Gesù dice di sé: «Io sono la via, la verità e la vita. Nessuno viene al Padre se non per mezzo di me [...] Io sono la vera vite e il Padre mio è il vignaiolo. [....] Io sono la vite, voi i tralci. Chi rimane in me e io in lui, fa molto frutto, perché senza di me non potete far nulla.» (Gv 14 e 15). Il teologo di “Repubblica” inorridisce per queste frasi politicamente scorrette e bacchetta Gesù Cristo rammentandogli «il bene che deriva dal prendere coscienza della relatività delle proprie posizioni» e che è «dall’assolutismo, che nascono l’intolleranza e la violenza». Gesù avrebbe dovuto ascoltare le indicazioni assolutiste, e ben poco relativiste, di Mancuso e dire piuttosto: “Io, se posso permettermi, spero di essere la via, forse la vita, sicuramente non la verità perché non esiste. Dovete fare a meno di me, ognuno segua la sua verità”. Allora sì che sarebbe stato, anche lui, editorialista di “Repubblica”.
Le posizioni di Mancuso sono sempre più estremiste e riflettono sempre di più il suo allontanamento dal cristianesimo. Perfino un laico come Jürgen Habermas, tra i maggiori filosofi viventi, ha riconosciuto che «l’universalismo egualitario –da cui sono derivate le idee di libertà e convivenza sociale, autonoma condotta di vita ed emancipazione, coscienza morale individuale, diritti dell’uomo e della democrazia- è una diretta eredità ebraica della giustizia e dell’etica cristiana dell’amore. Questa eredità è stata continuamente riassimilata, criticata e reinterpretata senza sostanziali trasformazioni. A tutt’oggi non disponiamo di alternative. Anche di fronte alle sfide attuale della costellazione postnazionale continuiamo ad alimentarci a questa sorgente. Tutto il resto sono chiacchiere postmoderne» (J. Habermas, Tempo di passaggi, Feltrinelli 2004 p. 128,129).
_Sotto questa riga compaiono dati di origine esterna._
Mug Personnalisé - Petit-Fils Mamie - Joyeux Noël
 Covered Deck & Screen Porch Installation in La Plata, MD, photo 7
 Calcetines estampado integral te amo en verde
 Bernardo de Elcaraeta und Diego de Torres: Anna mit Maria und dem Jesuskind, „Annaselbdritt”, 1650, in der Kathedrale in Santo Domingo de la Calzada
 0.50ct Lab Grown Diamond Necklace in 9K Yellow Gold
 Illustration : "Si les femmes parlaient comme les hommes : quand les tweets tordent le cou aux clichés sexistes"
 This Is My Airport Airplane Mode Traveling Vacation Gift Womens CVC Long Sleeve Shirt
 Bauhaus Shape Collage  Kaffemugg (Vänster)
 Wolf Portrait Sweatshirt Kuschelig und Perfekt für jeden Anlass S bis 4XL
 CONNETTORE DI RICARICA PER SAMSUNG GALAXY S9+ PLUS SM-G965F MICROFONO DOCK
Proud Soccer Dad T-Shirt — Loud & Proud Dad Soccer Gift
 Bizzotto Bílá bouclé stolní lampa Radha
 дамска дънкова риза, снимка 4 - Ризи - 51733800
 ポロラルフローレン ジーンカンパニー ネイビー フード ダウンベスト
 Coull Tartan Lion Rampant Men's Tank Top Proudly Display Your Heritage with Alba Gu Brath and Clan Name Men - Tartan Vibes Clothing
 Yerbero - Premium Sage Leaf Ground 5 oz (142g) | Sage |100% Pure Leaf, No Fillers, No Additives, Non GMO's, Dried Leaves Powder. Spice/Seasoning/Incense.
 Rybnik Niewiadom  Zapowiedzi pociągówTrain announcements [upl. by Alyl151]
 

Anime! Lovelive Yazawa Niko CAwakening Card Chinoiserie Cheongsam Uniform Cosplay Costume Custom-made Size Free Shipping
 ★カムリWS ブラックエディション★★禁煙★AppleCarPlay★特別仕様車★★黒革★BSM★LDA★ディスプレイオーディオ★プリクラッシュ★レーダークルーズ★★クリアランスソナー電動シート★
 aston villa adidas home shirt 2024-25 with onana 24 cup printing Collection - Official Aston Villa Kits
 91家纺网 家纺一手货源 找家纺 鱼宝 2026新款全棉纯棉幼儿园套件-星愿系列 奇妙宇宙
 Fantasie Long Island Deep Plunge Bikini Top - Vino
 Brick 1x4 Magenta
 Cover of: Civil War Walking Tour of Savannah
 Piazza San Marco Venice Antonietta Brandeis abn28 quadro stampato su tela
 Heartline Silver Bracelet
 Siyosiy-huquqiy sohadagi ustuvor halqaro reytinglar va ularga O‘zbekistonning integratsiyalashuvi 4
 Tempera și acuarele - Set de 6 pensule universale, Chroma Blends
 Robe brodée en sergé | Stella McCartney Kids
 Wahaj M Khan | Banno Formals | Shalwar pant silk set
L’intento di Mancuso era più che prevedibile ma come portavoce del laicismo ci si aspettava più coraggio sul passato e più umiltà sul presente, senza questa paura verso la modernità. L’amore per lo scontro e per la divisione dovrebbero essere messi da parte se vorrà essere veramente del tutto libero dalla violenza.